Please reproduce the entries below exactly from the line with "Eira Heart Solitaire" through their last line, leaving out any pictures.

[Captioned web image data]
= Beginning of Section =

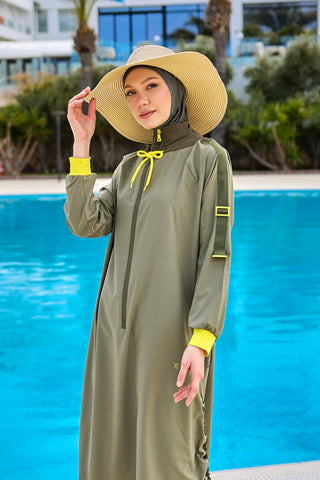 Khaki Full Coverage Swimwear Burkini Set M2524 - By Baano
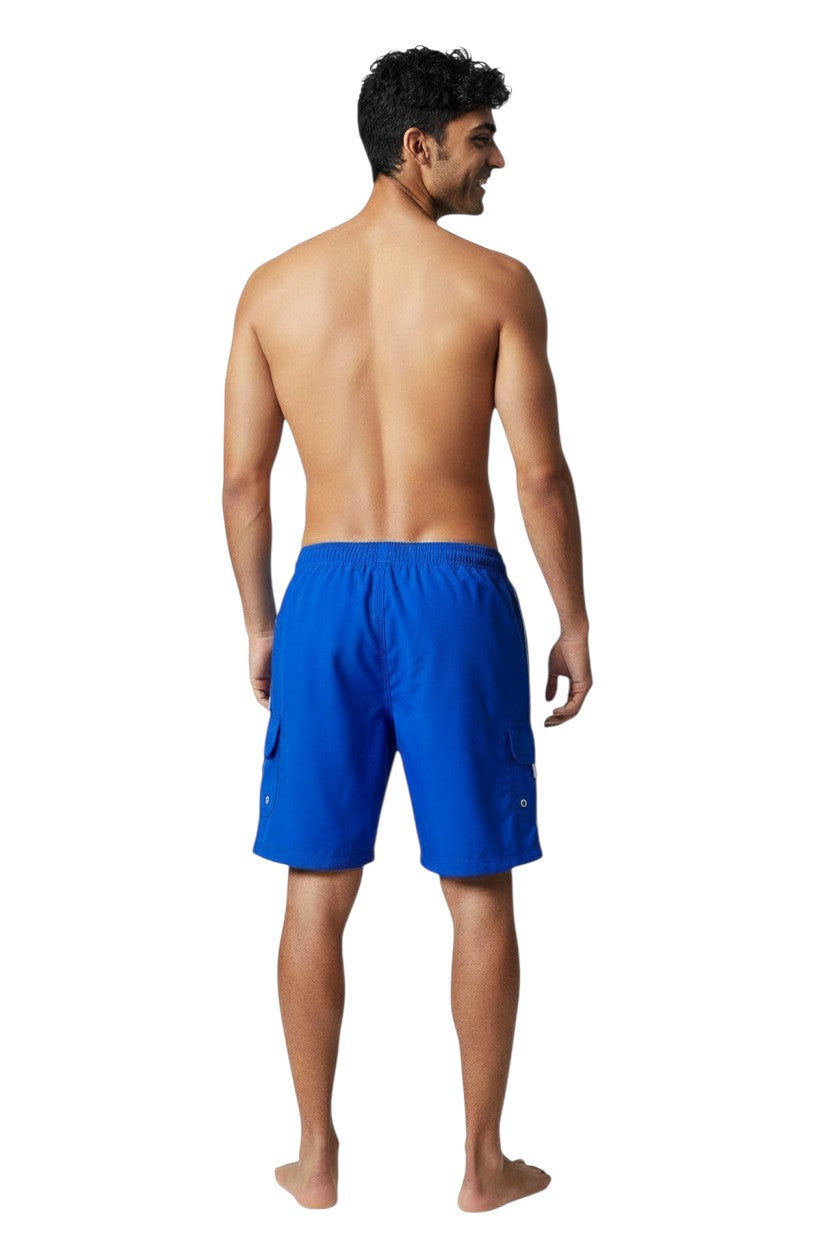 The Lifeguard Store YMCA Kiefer Guard Board Short in royal blue polyester with 7" inseam, cargo pocket, and drawstring.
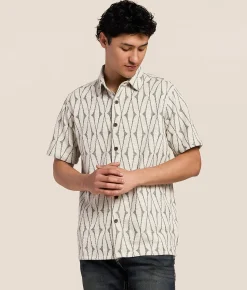 Nova Industries Embroidered Shirt Cream Green Outlet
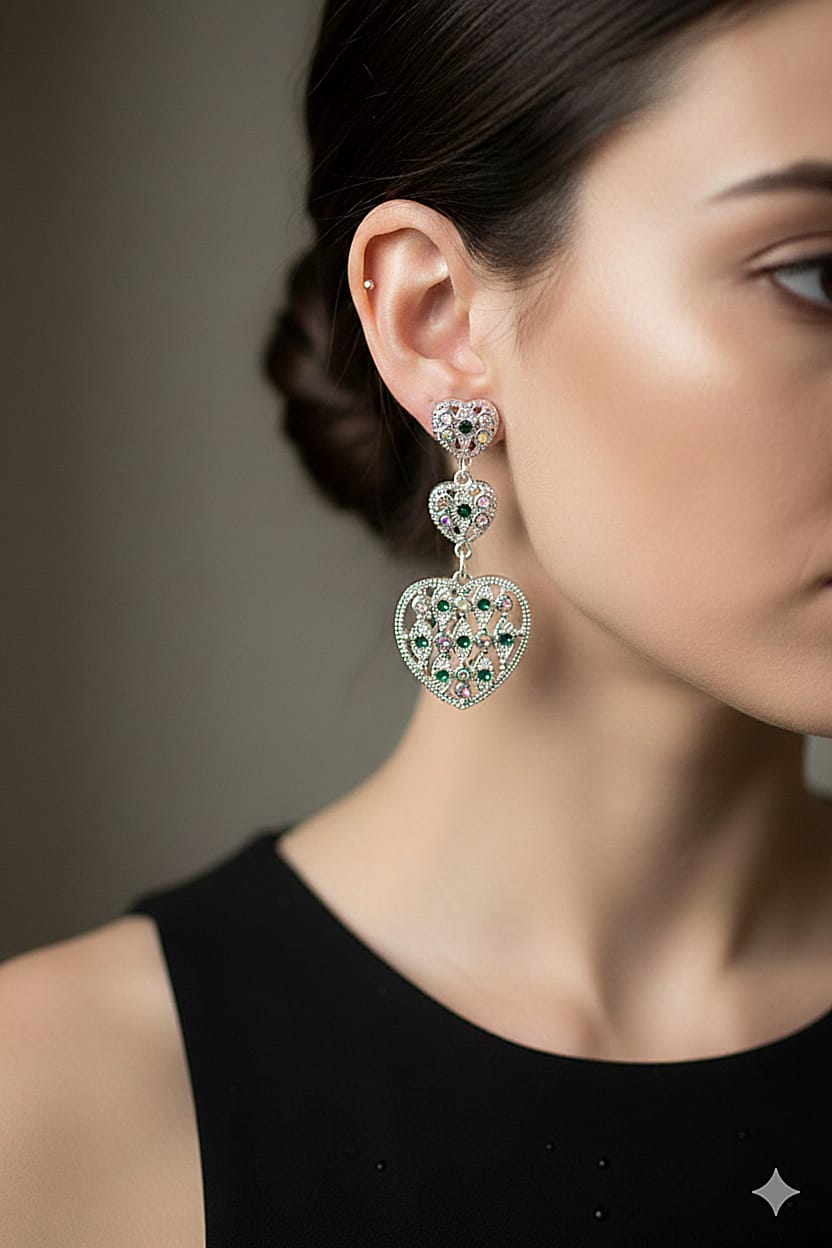 De002 (MSJ) Heart shape dropper earing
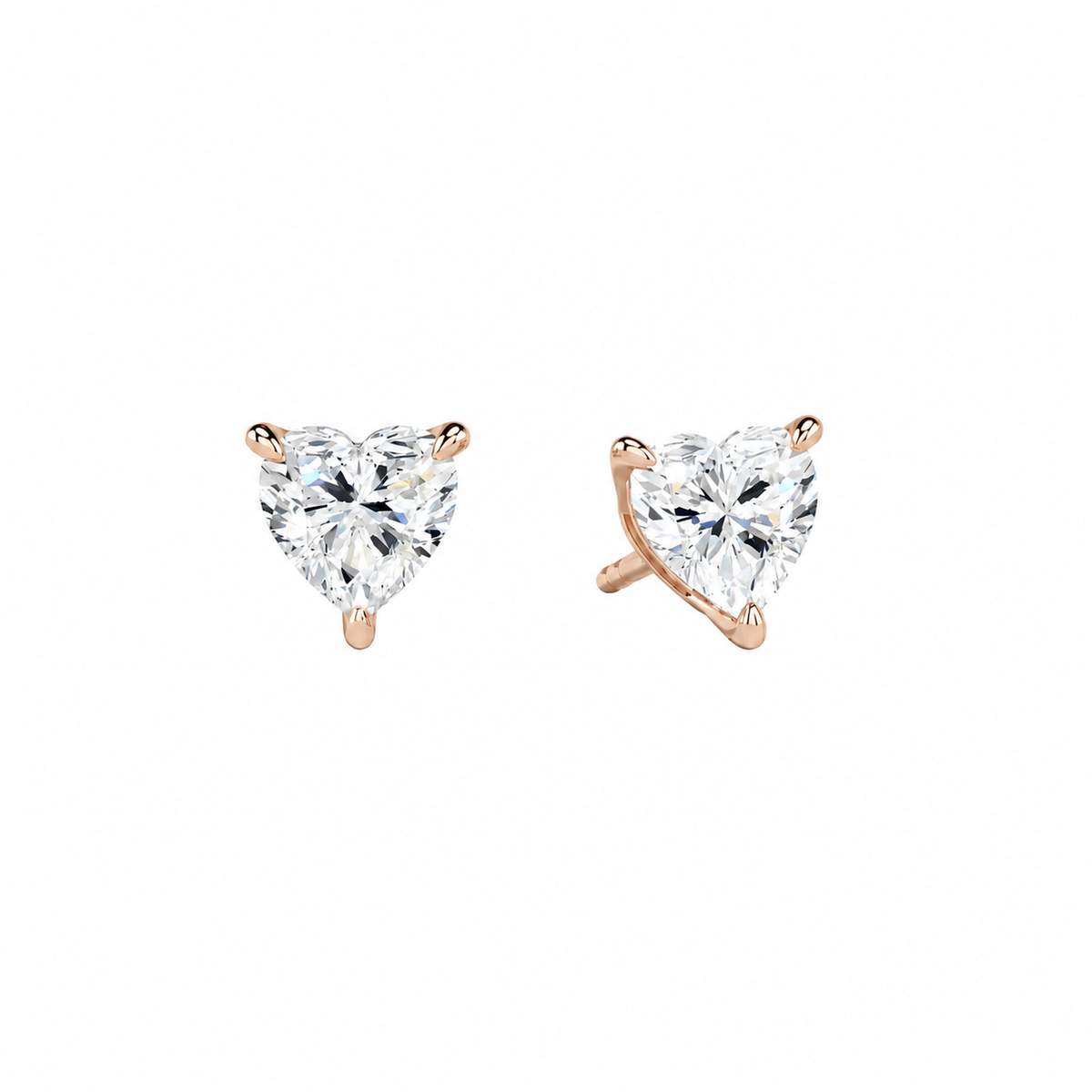 Eira Heart Solitaire 4-Prong Lab-Grown Diamond Stud Earrings in 14K Rose Gold, front view
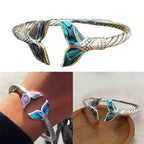 Bracelet jonc sirène en coquille d'ormeau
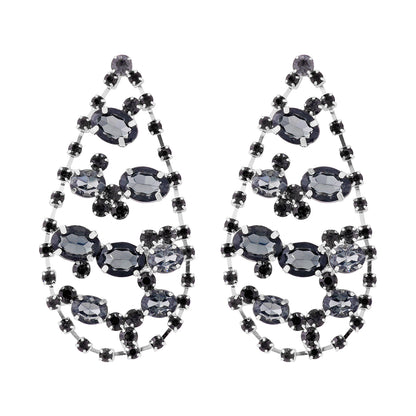 1 Pair Retro Shiny Water Droplets Hollow Out Alloy Glass Rhinestones Glass Drop Earrings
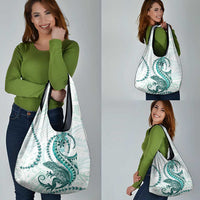Teal Maori Tuatara Grocery Bag Luxury Pastel Pattern LT01 - Polynesian Pride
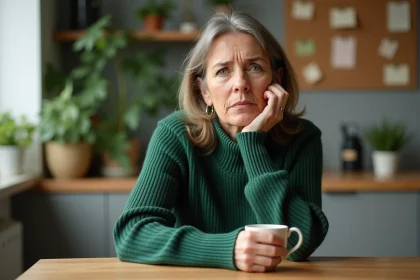 Femme assise &agrave; la cuisine avec tasse chaude et ambiance chaleureuse
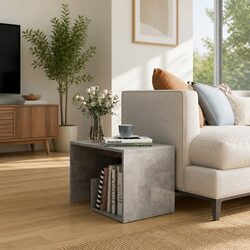 End Table Grey Storage Furniture Modern Accent Side Coffee Table Organize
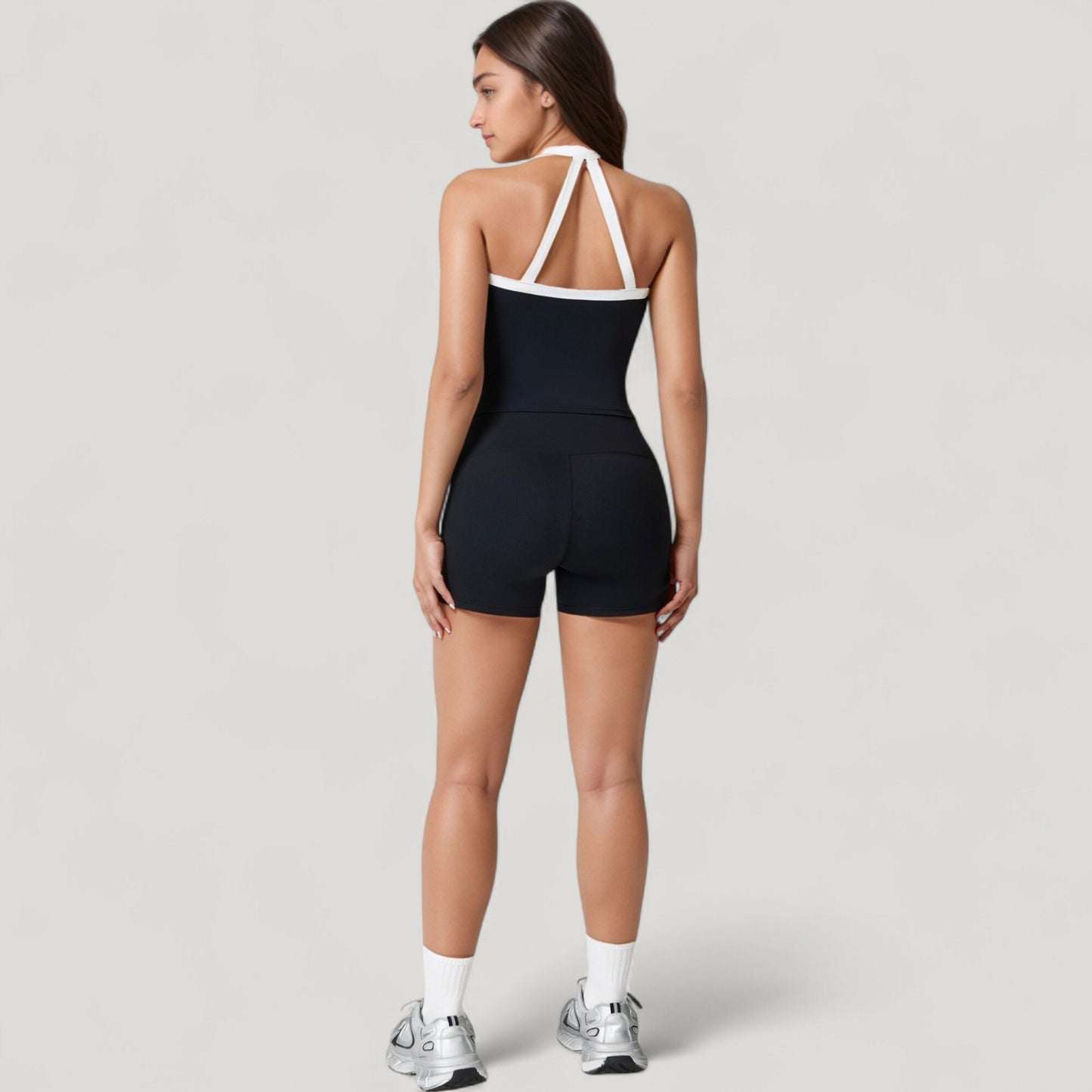 High Waist Athletic Shorts with Stretch Fabric and Contour Fit Waistband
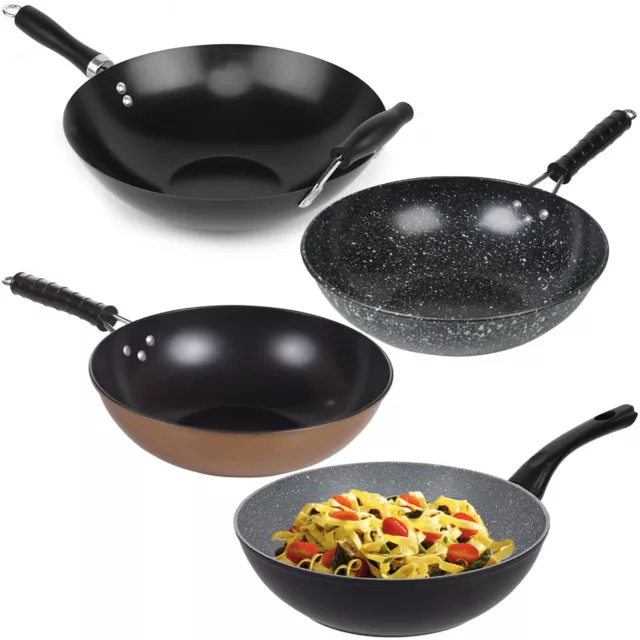 Deep Saute Non Stick Wok Pans Ceramic Coated Induction Chinese Stir Fry Frying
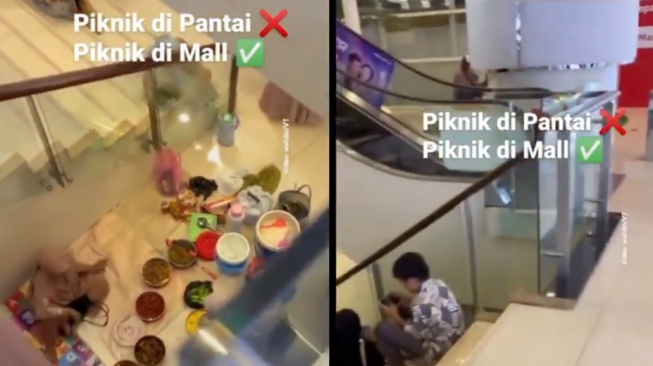 Emak-emak Piknik di Mall Bawa Makanan dari Rumah sampai Gelar Tikar, Tuai Pro Kontra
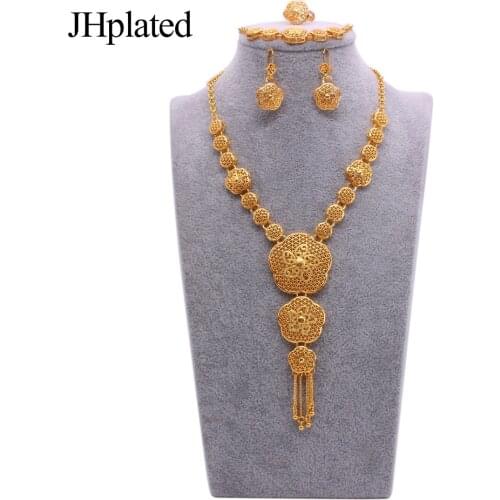 African Dubai 24K Gold plated filled bridal jewelry sets wedding gifts jewellery necklace earrings ring bracelet set for women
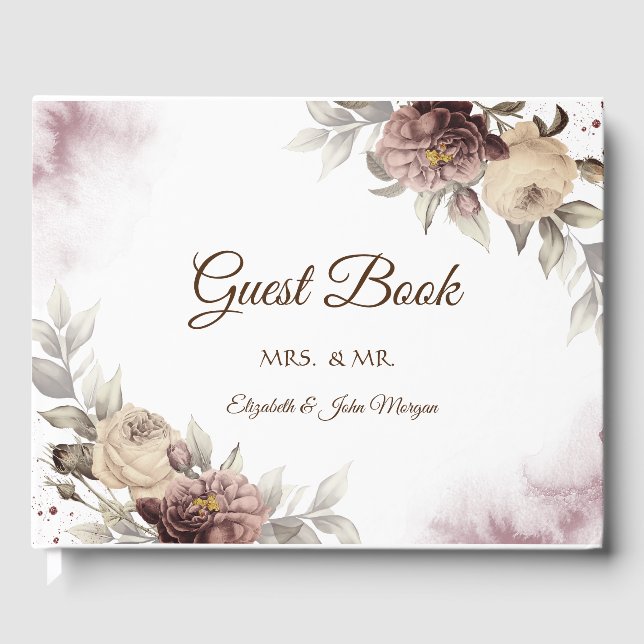 Libro De Visitas Rosas vintage en acuarela (Anverso)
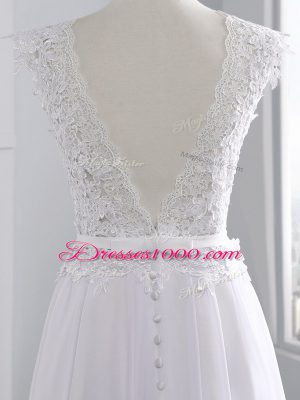 Unique White Empire Chiffon Scalloped Cap Sleeves Lace Backless Bridal Gown Brush Train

= End of Section =

_ANSWER TO THIS EXERCISE:_
 Eira Heart Solitaire 4-Prong Lab-Grown Diamond Stud Earrings in 14K Rose Gold, front view
 Bracelet jonc sirène en coquille d'ormeau
 1 Pair Retro Shiny Water Droplets Hollow Out Alloy Glass Rhinestones Glass Drop Earrings
Teal Maori Tuatara Grocery Bag Luxury Pastel Pattern LT01 - Polynesian Pride
 Femme assise &agrave; la cuisine avec tasse chaude et ambiance chaleureuse
 End Table Grey Storage Furniture Modern Accent Side Coffee Table Organize
 High Waist Athletic Shorts with Stretch Fabric and Contour Fit Waistband
 Deep Saute Non Stick Wok Pans Ceramic Coated Induction Chinese Stir Fry Frying
 Emak-emak Piknik di Mall Bawa Makanan dari Rumah sampai Gelar Tikar, Tuai Pro Kontra
 African Dubai 24K Gold plated filled bridal jewelry sets wedding gifts jewellery necklace earrings ring bracelet set for women
 Libro De Visitas Rosas vintage en acuarela (Anverso)
 Unique White Empire Chiffon Scalloped Cap Sleeves Lace Backless Bridal Gown Brush Train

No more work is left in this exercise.